My DataFrame looks something like this:
---------------------------------- ---------
| Col1 | Col2 |
---------------------------------- ---------
| Start A | 1 |
| value 1 | 2 |
| value 2 | 3 |
| value 3 | 4 |
| value 5 | 5 |
| End A | 6 |
| value 6 | 3 |
| value 7 | 4 |
| value 8 | 5 |
| Start B | 1 |
| value 1 | 2 |
| value 2 | 3 |
| value 3 | 4 |
| value 5 | 5 |
| End B | 6 |
| value 6 | 3 |
| value 7 | 4 |
| value 8 | 5 |
| Start C | 1 |
| value 1 | 2 |
| value 2 | 3 |
| value 3 | 4 |
| value 5 | 5 |
| End C | 6 |
---------------------------------- ---------
What I am trying to acheive is if substring start and end is present I want the rows between them.
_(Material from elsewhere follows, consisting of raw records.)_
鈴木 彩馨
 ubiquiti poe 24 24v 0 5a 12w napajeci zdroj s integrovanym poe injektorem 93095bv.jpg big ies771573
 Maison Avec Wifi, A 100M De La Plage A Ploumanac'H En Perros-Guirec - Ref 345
Expected Result is:
---------------------------------- ---------
| Col1 | Col2 |
---------------------------------- ---------
| Start A | 1 |
| value 1 | 2 |
| value 2 | 3 |
| value 3 | 4 |
| value 5 | 5 |
| End A | 6 |
| Start B | 1 |
| value 1 | 2 |
| value 2 | 3 |
| value 3 | 4 |
| value 5 | 5 |
| End B | 6 |
| Start C | 1 |
| value 1 | 2 |
| value 2 | 3 |
| value 3 | 4 |
| value 5 | 5 |
| End C | 6 |
---------------------------------- ---------
I tried the code from this How to filter dataframe columns between two rows that contain specific string in column?
m = df['To'].isin(['Start A', 'End A']).cumsum().eq(1)
df[m|m.shift()]
But this only returns the first set of start and end, also it expects the exact string.
output:
---------------------------------- ---------
| Col1 | Col2 |
---------------------------------- ---------
| Start A | 1 |
| value 1 | 2 |
| value 2 | 3 |
| value 3 | 4 |
| value 5 | 5 |
| End A | 6 |
---------------------------------- ---------
CodePudding user response:
Let's try:
# extract the label after `Start/End`
groups = df['Col1'].str.extract('[Start|End] (.*)', expand=False)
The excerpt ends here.